Shares of Kimberly-Clark, Hershey, JM Smucker, Procter & Gamble, General Mills and Colgate-Palmolive were among those touching fresh all-time highs last week.

But with investors abandoning the safety and income of bonds for consumer staples' stocks with chunky dividends and stable earnings growth, some strategists say it's almost time to look toward more economically sensitive names as gains become more limited.

Investors with a five-year horizon may not find it much of a gamble to begin shifting into growth stocks, said David Kelly, chief global strategist at JPMorgan Funds.

"Over the next few years, the growth stocks will probably outperform the more defensive names," he said. "A lot of money is going into defensive names as a substitute for bonds. As interest rates go up and confidence returns, money will move from that part of the market toward more aggressive names."
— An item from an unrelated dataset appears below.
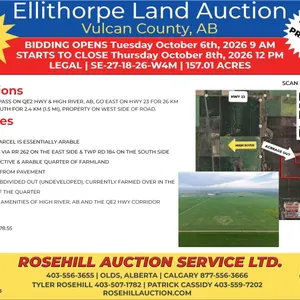 Ellithorpe Land Auction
Given ongoing economic uncertainty in the global economy, others suggest waiting.

"We've been advocating stocks with bond-like characteristics," Barry Knapp, Barclays' head of U.S. equity portfolio strategy, told CNBC. "We're not ready to make that change."

But he wouldn't put new investment into defensive sectors, he added.

"We would not be selling the defensive names, but I'm not sure I'd put a heck of a lot more money into them, either," Knapp told CNBC.

Bubbly Beverages

Expectations for better earnings growth has been one reason consumer staples are up 16 percent this year, making the S&P 500's 9 percent gain look rather ordinary in comparison. Some stocks, such as General Mills, have done even better—up more than 20 percent so far this year.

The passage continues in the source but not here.